What to produce => Your task is to retype, exactly and only, the lines from the one containing "White Document Read PowerPoint Template" to the final line of the entries, leaving out all pictures.

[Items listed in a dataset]
- - - -
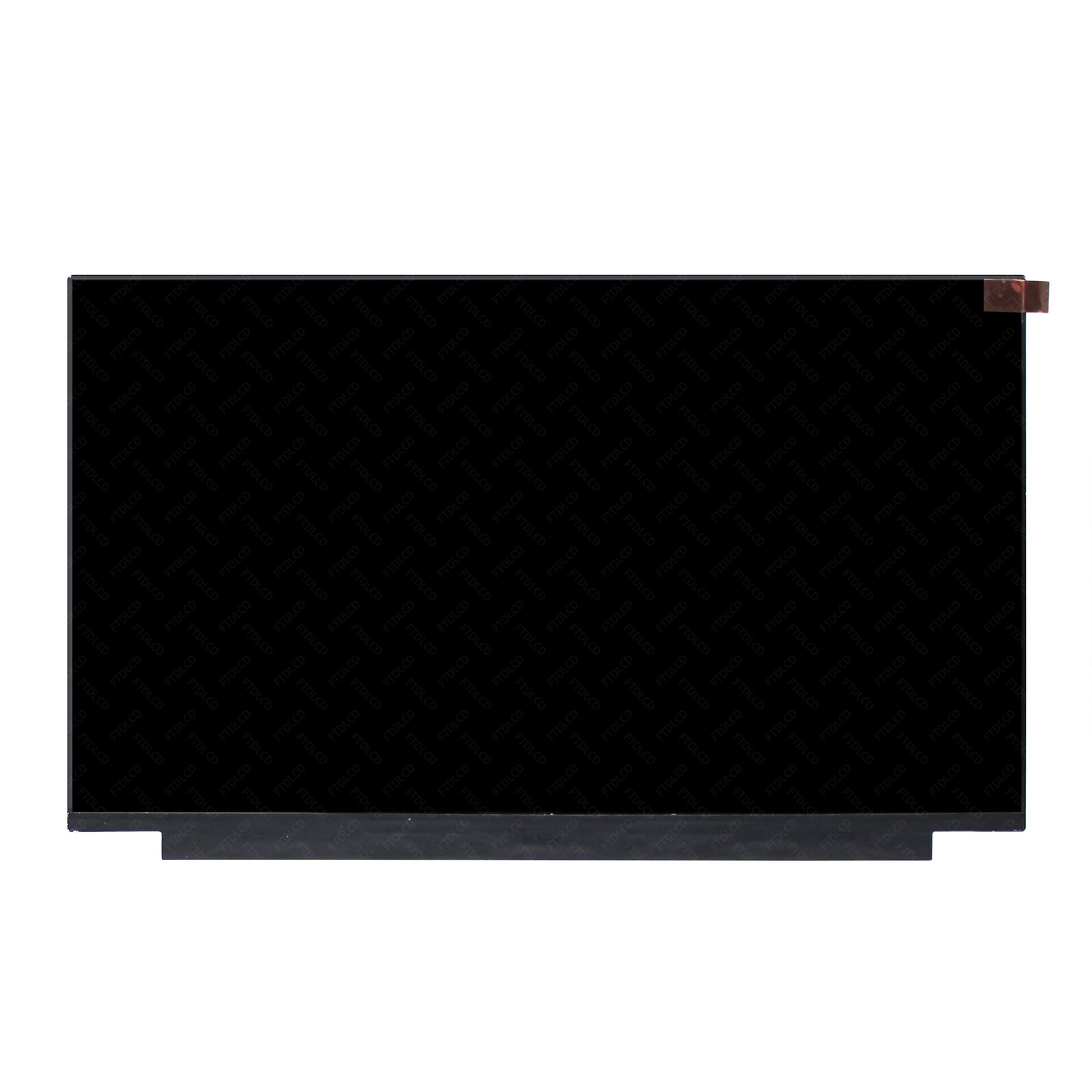 15.6" HD LCD On-Cell Touch Screen Digitizer Display for HP Laptop 15s-DU Touch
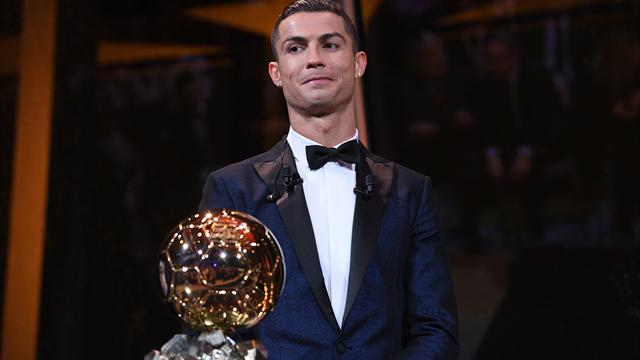 Así ha quedado el podio oficial por el Balón de Oro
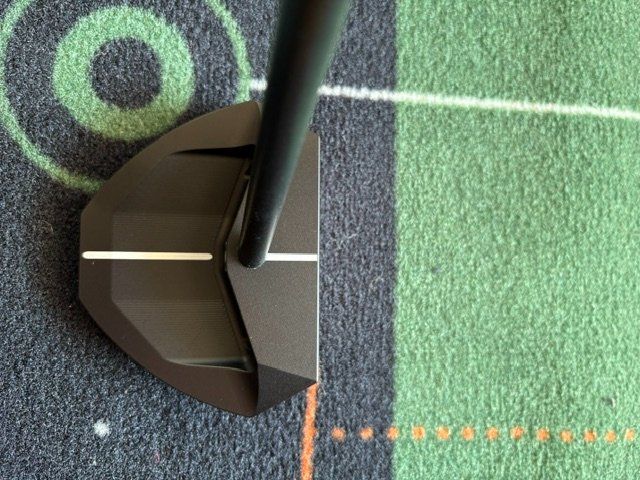 Mazze & Set: LAB Golf OZ.1i Putter 34" 70 Grad "Lie Angle" Accra Schaft – Usato da Gränichen venduto da MikedV 6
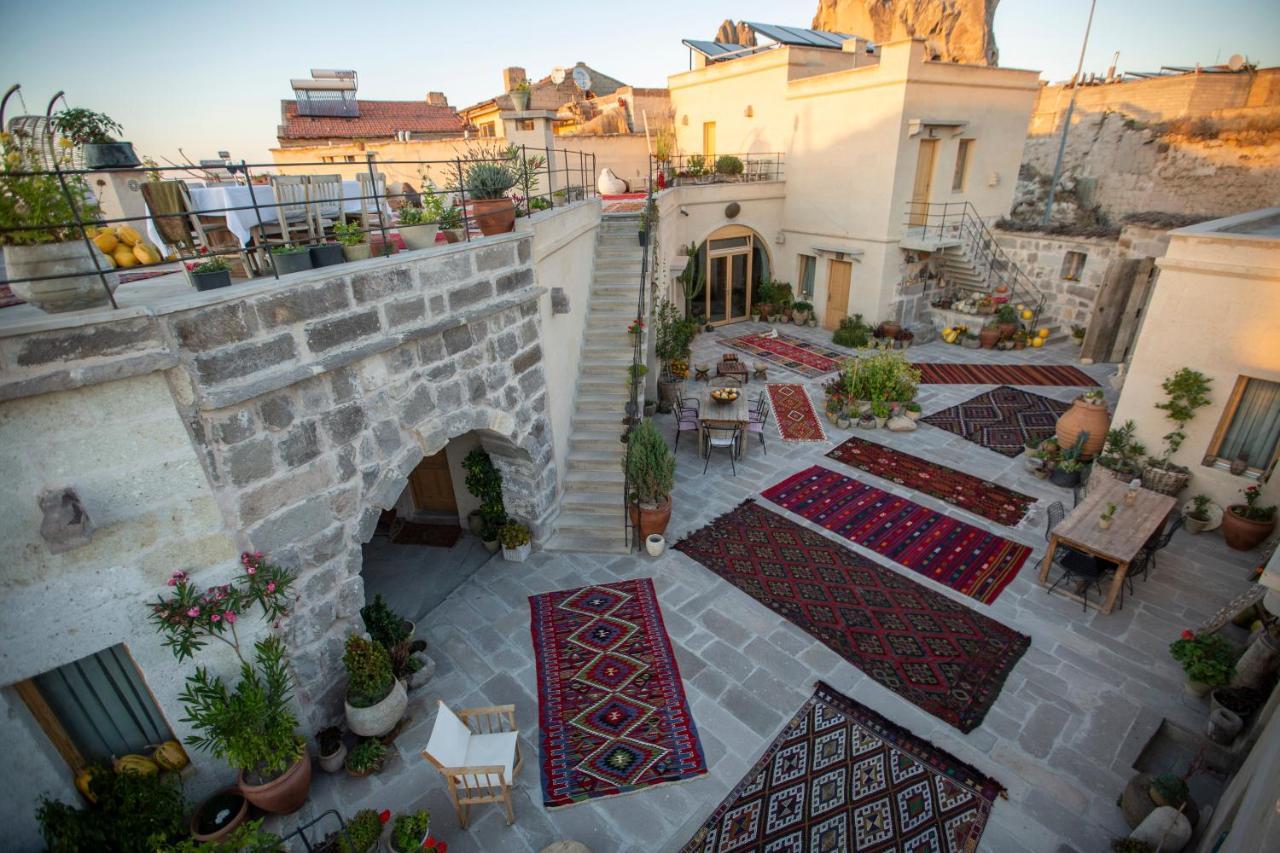 Maze Of Cappadocia Hotel Uchisar Luaran gambar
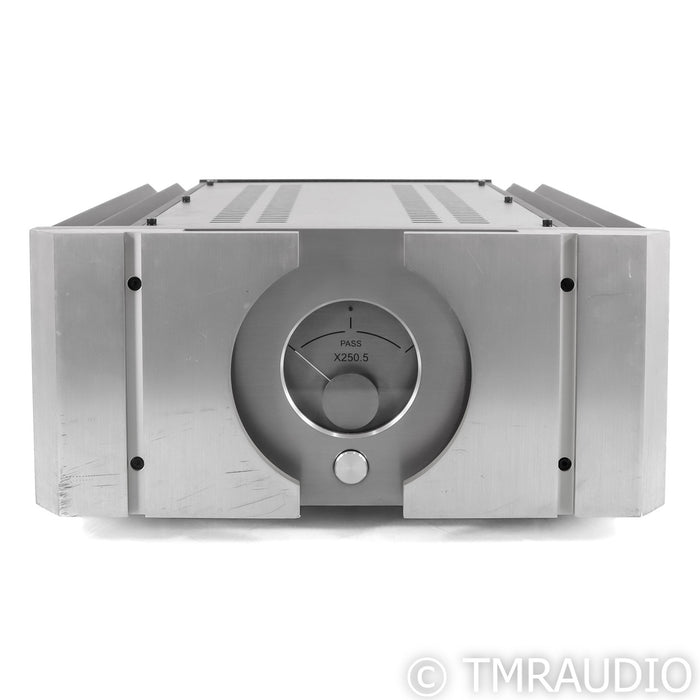 Pass Labs X250.5 Stereo Power Amplifier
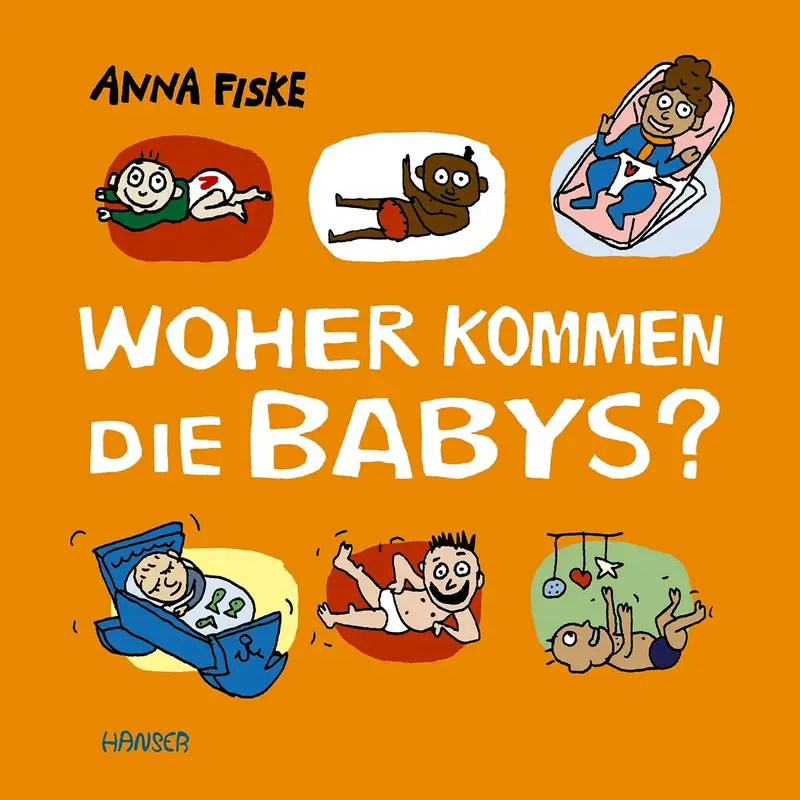 Woher kommen die Babys?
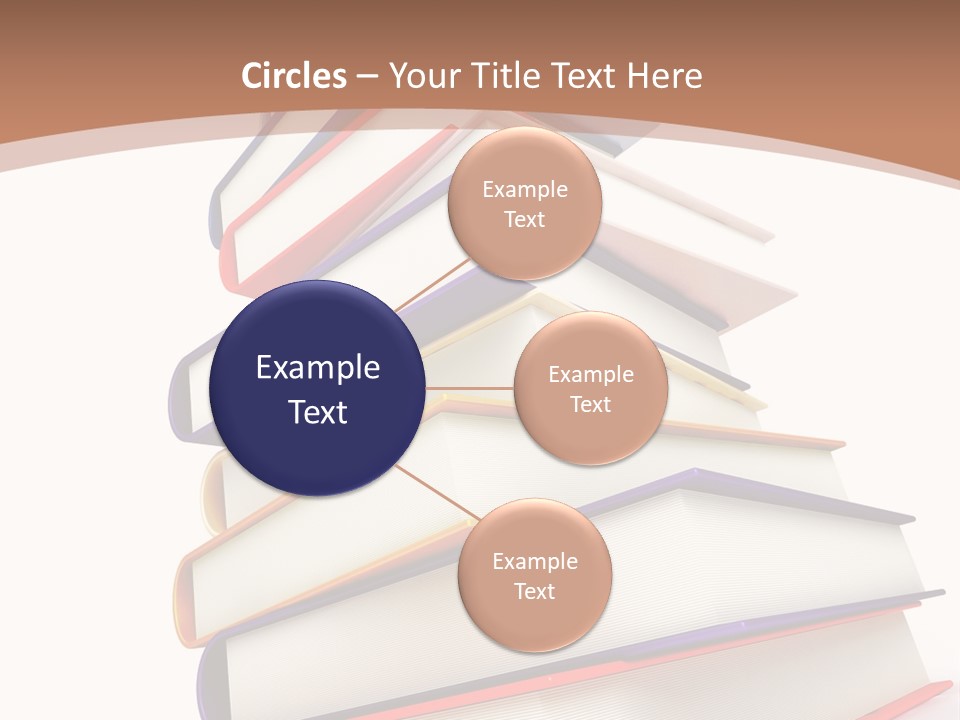 White Document Read PowerPoint Template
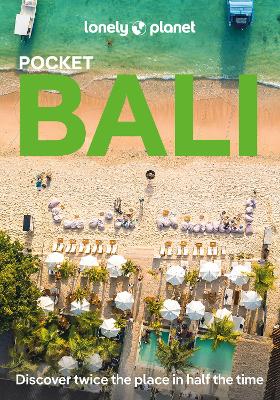 Lonely Planet Pocket Bali by Lonely Planet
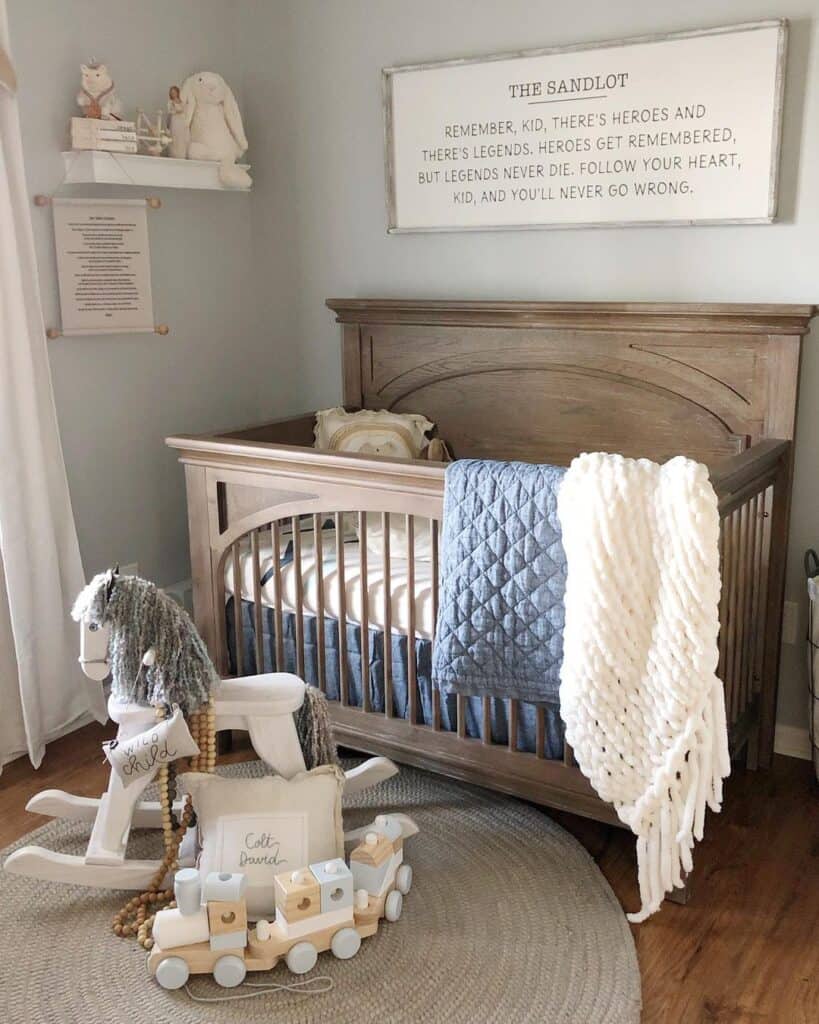 33 Nursery Decor Inspirations Your Baby Will Adore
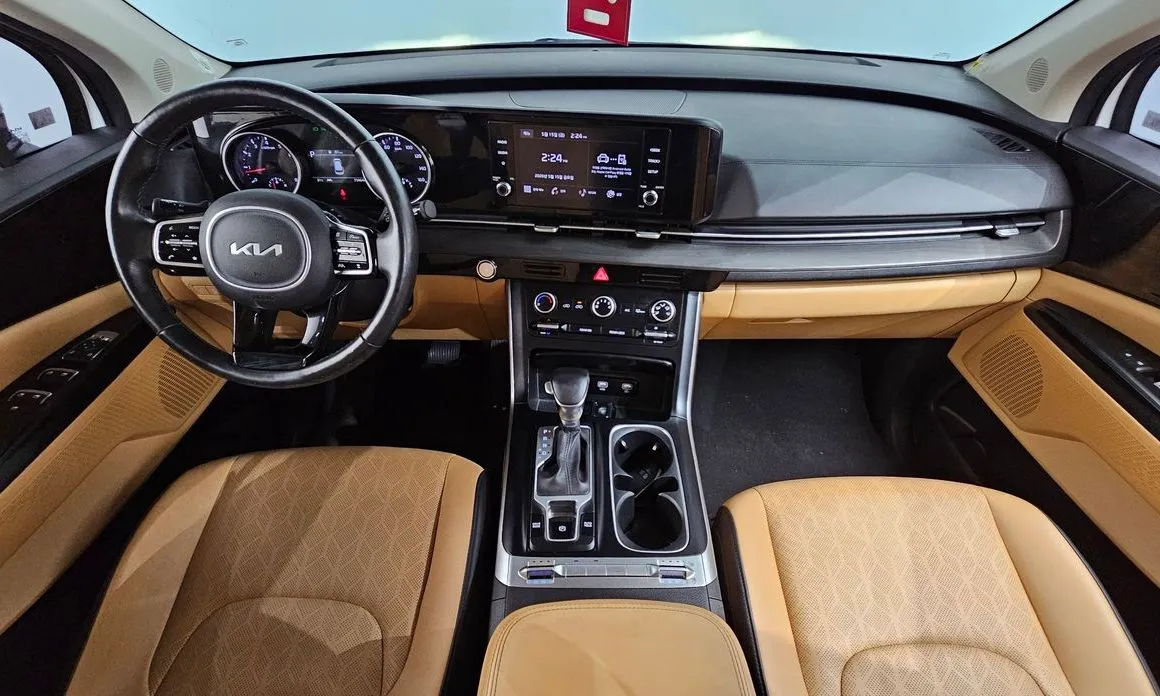 Kia Carnival — фото 2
- - - -
Written solution =>
 White Document Read PowerPoint Template
 Lonely Planet Pocket Bali by Lonely Planet
 33 Nursery Decor Inspirations Your Baby Will Adore
 Kia Carnival — фото 2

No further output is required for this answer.